What’s ya buzz?

Andrew Witty
Vibe Repository
Published in
2 min readJan 20, 2016

When I was a kid and leading into my teenage years I would become obsessed with a musician, put them up on some sort of untouchable pedestal and treat them like a god. I wonder if this is partly from coming from a small town, and not really being exposed to any sort of hub of musicians outside of a Boys’ High school in the South Island — until I moved to Wellington. I’ve now lived in Wellington for 3 years, finished a music degree and moved on to postgraduate study in Ethnomusicology. If there’s one thing I have learnt outside of the fact I’m in debt 30k, it’s music is as much about the people it represents than the quality of the music itself. Wellington is a creative hub, no doubt, and in amongst the street dwellers asking for a durry every minute on Courtenay Place, there are some talented musicians making waves.
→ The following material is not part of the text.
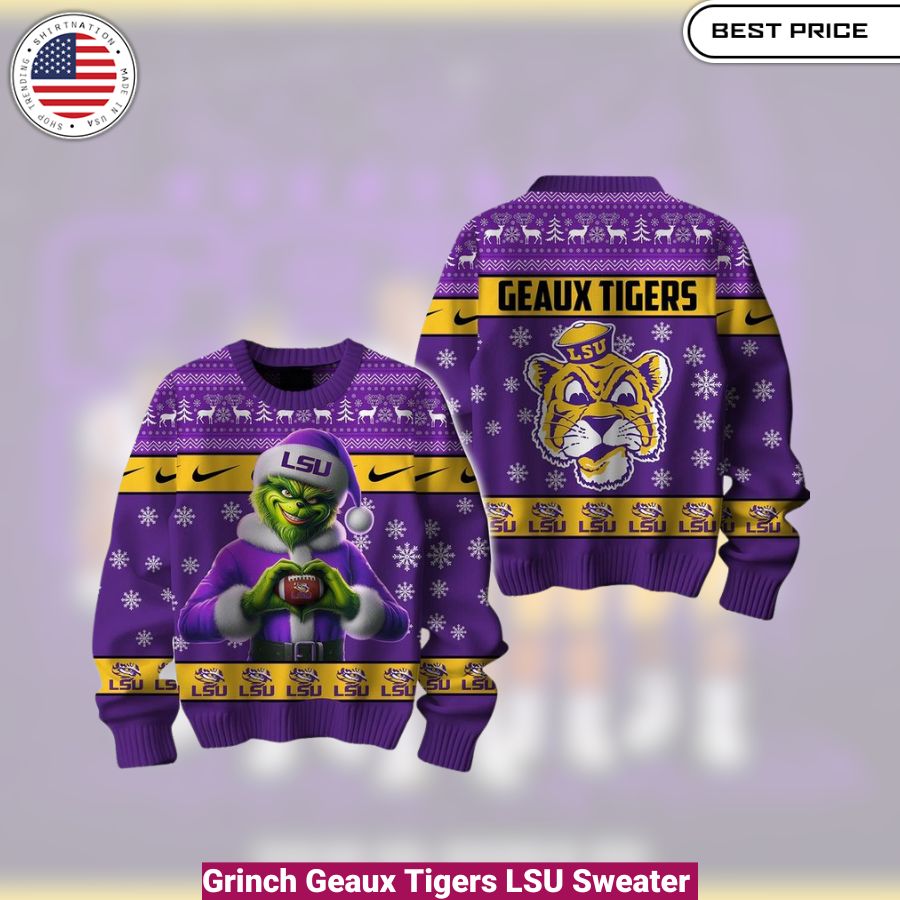 Grinch Geaux Tigers LSU Sweater- cozy, fashionable, versatile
One of my friends from Christchurch once said to me that “I think people just envision Wellington as this sort of ‘thing’ where people have to be buzzy and creative because that’s what Wellington is assumed as”. This is could be true, but in my opinion this is what makes Wellington such an interesting place for a music scene. People bring their own buzz and it’s crafted through the mingling and working with others, with different or similar experiences. A lecturer at Victoria Uni once wrote a paper on this, Geoff Stahls ‘DIY or DIT!’ in which he wrote that the lack of an identifiable music scene made people in the capital work together as up-and-comers, avoiding and rejecting the big scary ‘industry’.
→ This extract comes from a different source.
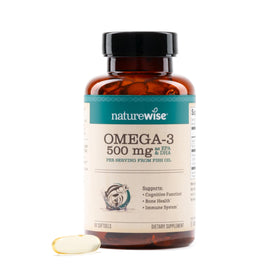 NatureWise Omega 3 Huile de Poisson 500mg gélules avant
What’s cool is, the amount of niche groups that choose to prescribe to their chosen aesthetic or identity creates a very real diversity of groups in a city that in a global sense, is fucking small. Everyone’s buzz might be slightly different, but it all comes together to give Wellington it’s own distinct — for lack of a better term — vibes.
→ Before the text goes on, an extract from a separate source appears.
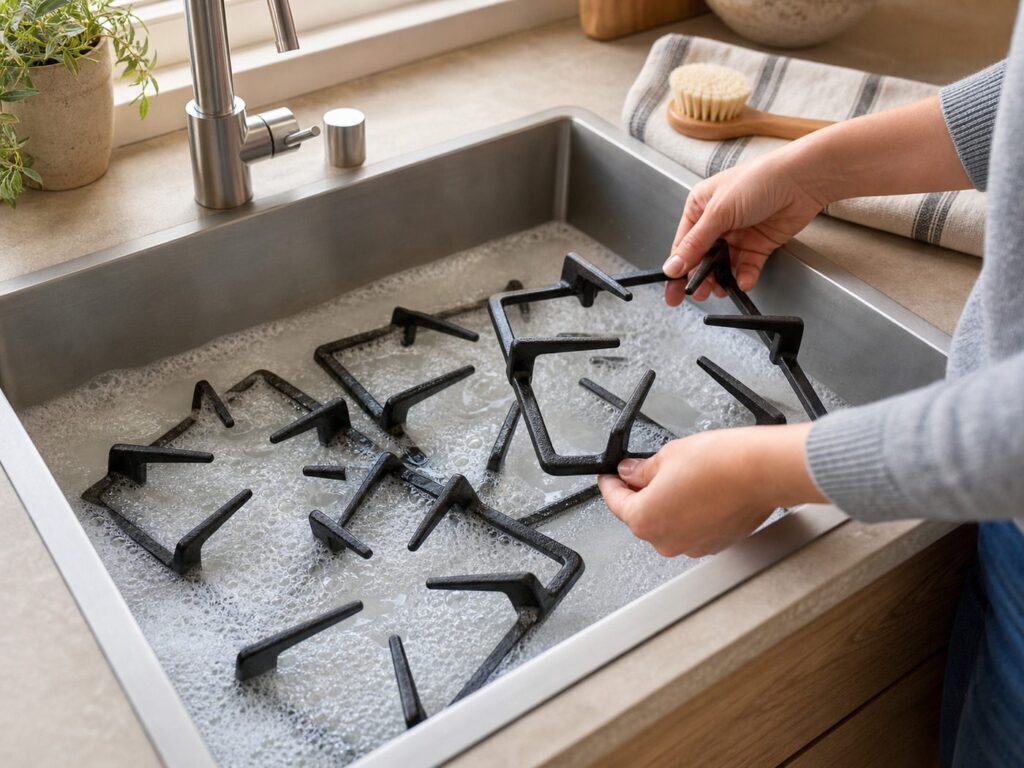 Griglie del fornello in ammollo nel lavello con acqua e sapone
I started this blog because personally I wanted to know other perspectives on our local scene, why people choose to craft the music they do. We’re not in Atlanta, why the fuck are you making trap music? We’re not in the UK, why are you making Drum and Bass? I think in our geographic isolation and our hyper-connectivity to the rest of the world through the internet, in a place like Wellington we don’t run the risk of mass cultural appropriation. Or maybe it’s because there’s so much going on that it’s not as obvious, or maybe, just maybe, not enough people care. Well, I hope they do. Because shit’s crazy out here. There’s some talented musicians cracking it.

The point of this blog is to garner different perspectives and figure out why people do what they do in their music. But I don’t wanna limit what the artist has to say for themselves, I just really want to know — what’s ya buzz?